Anulada sentença que reconhecia contrato de trabalho entre estafeta e Uber Eats

O Juízo do Trabalho de Lisboa decidiu anular a sentença que reconhecia um contrato de trabalho entre um estafeta e uma plataforma digital devido à falta de citação da empresa, neste caso a Uber.

Anulada sentença que reconhecia contrato de trabalho entre estafeta e Uber Eats

A decisão do tribunal, avançada hoje pelo jornal Eco e a que a Lusa teve também acesso, refere que a citação pessoal por carta registada de uma empresa inscrita no Registo Nacional das Pessoas Coletivas “deve ser endereçada para a sua sede, conforme daquele registe conste”.

No entanto, de acordo com o tribunal, a mesma “não ocorreu”, pelo que “julga-se verificada a nulidade decorrente por falta de citação, anulando-se também os atos que dela dependeram, designadamente a decisão proferida”.

No final de janeiro, o Tribunal Judicial da Comarca de Lisboa reconheceu a existência de um contrato de trabalho, sem termo, entre um estafeta da Uber Eats Portugal e a empresa, com retroativos a maio de 2023.

“[…] Reconhece-se a existência de um contrato de trabalho, sem termos, entre Md Zaber Ahmed e a ré Uber Eats Portugal”, indicava a referida sentença.

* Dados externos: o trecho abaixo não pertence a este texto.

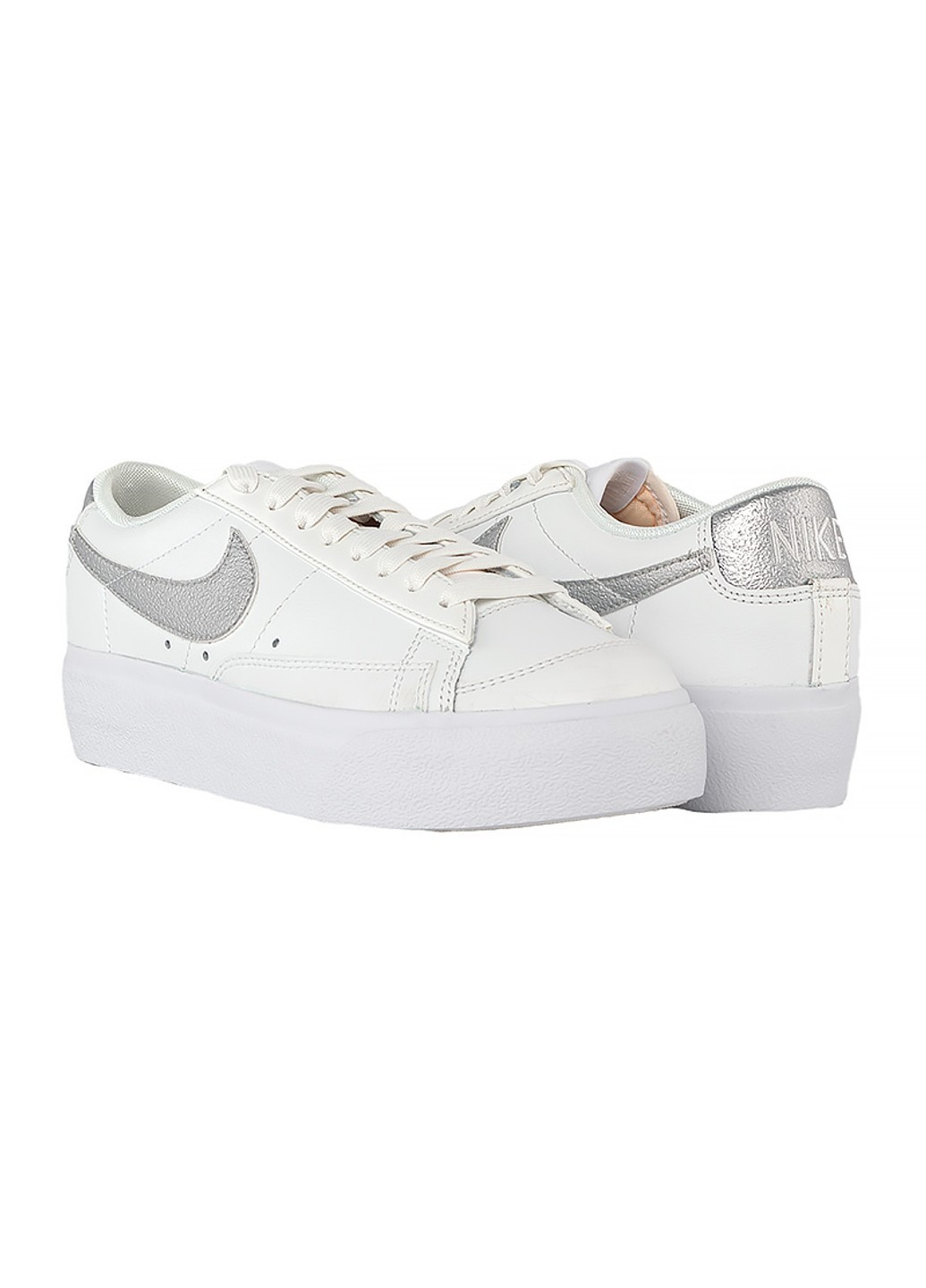 Кросівки W BLAZER LOW PLATFORM ESS Nike білі демісезони (259364683)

O contrato em causa teria retroativos a 01 de maio de 2023, quando entraram em vigor as alterações ao Código do Trabalho.

Essa foi a primeira vez que um tribunal português aplicou a presunção de laboralidade entre estafetas e plataformas digitais.

A Uber contestou a decisão na altura, alegando não ter sido notificada, porque o Tribunal enviou a notificação, por troca de morada, para a Glovo.

De acordo com o documento que a Lusa teve acesso, a “ré requereu a anulação de todo o processo e requereu que a sentença lhe fosse notificada”, vindo ainda a interpor “recurso da sentença proferida nos autos, pelo que a notificação da decisão se tornou inútil”.

“A nulidade de todo o processo tem lugar nos casos de ineptidão da petição inicial, vício que aqui não está em causa. A invalidade verificou-se no ato de citação da ré, pelo que apenas cumpre anular o que depois dela se processe e que dela dependa, como a sentença, já anulada”, pode ler-se na decisão.

Para todos os efeitos, o processo volta ao início, podendo agora a Uber apresentar argumentos contra a presunção de um contrato de trabalho.

Entretanto, são já três os tribunais portugueses que decidiram a favor da independência e flexibilidade dos estafetas, nomeadamente, de Vila Real, Águeda e Bragança.

Fonte oficial da Uber avançou, numa resposta escrita à Lusa, que os estafetas “já deixaram claro que querem manter a sua independência e a liberdade para usarem as plataformas digitais quando, como e onde quiserem”.

“Do nosso lado, continuaremos a defender que a flexibilidade que os estafetas procuram deve ser preservada e que é compatível com direitos e proteções a que todos os trabalhadores, independentemente do seu estatuto, devem ter acesso”, disse a mesma fonte.

Na fundamentação da decisão da sentença que reconhecia o contrato de trabalho estava, entre outros pontos, o facto de ser a plataforma a fixar, de forma unilateral, o valor dos montantes a pagar ao estafeta pelas entregas, não havendo qualquer negociação prévia quanto aos critérios utilizados para a definição dos valores.

Por outro lado, a Uber Eats Portugal “controla e supervisiona” a atividade, “restringe a autonomia do prestador da atividade quanto à organização do trabalho” e também “exerce poderes de exclusão de futuras atividades na plataforma, através da desativação da conta”.

O tribunal concluiu também que o estafeta estava inserido na organização da Uber Eats Portugal, que “não é uma mera intermediária na contratação de serviços entre estabelecimentos comerciais e estafetas”.

Em novembro do ano passado, a então ministra do Trabalho e Segurança Social, Ana Mendes Godinho, afirmou, no parlamento, que estavam então em curso 1.000 ações de reconhecimento de contratos de trabalho de trabalhadores de plataformas digitais em situação laboral irregular.